In 1996, when she was seven, Brigitte Sossou Perenyi was brought from Togo to Ghana and held as a slave in a religious shrine run by a priest dedicated to the worship of deities.
I remember being happy as a child until the age of seven when one day I was told by my mother that I was going to Lome, the capital city of Togo to be educated and live with my uncle. I was sad to leave my home but accepted that this was the best thing for my life. Very shortly after I arrived at my uncle’s house he took me to a shrine in Ghana and left me there. I was given a piece of cloth to wear, told to recite incantations. From that day on I was marked a Trokosi – which means slave of the gods, or wife of the deity.
Later I learnt that my uncle had been told by a soothsayer that he had Parkinson’s disease because a curse had been placed on the family due to his crime of adultery. To be cured and to atone for his crime, a young girl from his family had to be taken into a shrine to serve the gods.
At the shrine I felt confused and lost. There was no learning, no laughter or playtime. I received a lot of verbal and emotional abuse from the priest who ordered me around like a slave. I slept in a room with the other girls and women who were all there to atone for sins committed by a family member. The men were intermediates, appointed by the gods to look after the shrine.
I was one of the lucky ones because I got out after about a year. A charity called International Needs Ghana launched an anti-Trokosi campaign. CBS were filming at the shrine and I was caught on camera. When the report was broadcast, a Caucasian American called Kenneth Perenyi saw it and decided he had to rescue me. He started the process of adoption and paid for my release. Over 3000 people were freed with me that year in 1997.

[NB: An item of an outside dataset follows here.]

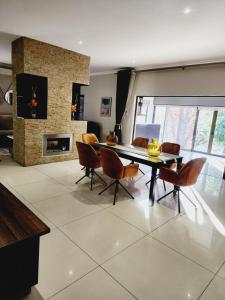 a living room with a table and chairs and a fireplace at The Green leaf Executive Home in Pretoria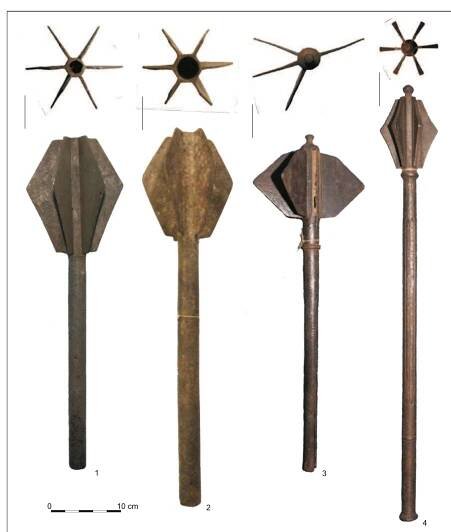 Fig. 3. High flanged maces with long shaft: 1 — Mace (Georgian National Museum, Inv. No. 35-35/244); 2 — Mace (Svaneti Museum of History and Ethnography, Inv. No. 725); 3 — Mace (Georgian National Museum, Inv. No. 35-35/247); 4 — Mace (Georgian National Museum, Inv. No. 44-26/19). Photo by M. Tsurtsumia.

To have a better transition into the American culture and language, I was placed with a Ghanaian couple who had kids around my age. I played a lot of sport, learnt English and discovered that I loved learning. The Sabaa family embraced me like their own. I had given up on happiness when I was left at the shrine but my new family showed me love and taught me to have hope again. They also introduced me to the love of Jesus Christ.
Two years later in September 1999 I left for Florida to live with my new adoptive father. Although I was full of gratitude to him for rescuing me and giving me everything I wanted, sometimes I felt lonely and incomplete. I often wondered why I’d been given away by my biological family and why they hadn’t rescued me. I had nightmares about the past and wondered what I’d done wrong.
When I was 21 I returned to Ghana and completed an internship in Accra. My Ghanaian mother then suggested that International Needs should accompany me to trace my family in Togo. We took a camera crew so that I would have a record of everything that happened. It was an incredible meeting, like a dream come true. I was reunited with my parents, my four siblings and a new brother born after I left.
Three years later I returned to my village with a journalist to write my story for Marie-Claire magazine. I was still trying to figure out how to establish a relationship with my biological family but it was difficult because I had forgotten my mother tongue and it pained me deeply that I couldn’t talk to them, especially my mother. This second visit brought back a lot of sad memories of being taken away.
But then in 2017 Code4Africa and European Journalism Centre (EJC) founded a small team to film my life story, so once again I returned to my village. After filming, the BBC commissioned the edit. Through making this film I found my voice again. My Ghanaian family continued encouraging me in my walk with God which I found to be very positive and healing. It meant that finally I was able to ask the questions that had been weighing heavily on me.
I found out that my parents had never known I’d been taken into a shrine to become a Trokosi, they also said they didn’t know about my adoption and being taken to America. In fact they had always thought I was dead. Knowing this took away the sadness and isolation I’d felt for so long. I realized everyone was doing their best and looking at my life in terms of opportunities and aspirations.
Most of my anger had been focused on my now dead uncle who used me as a sacrifice.
I now realize he felt he was doing something he had to do. I have also forgiven myself for believing for so long that my biological family didn’t love me. Forgiveness has freed me because it recognises we are all human and we all make mistakes.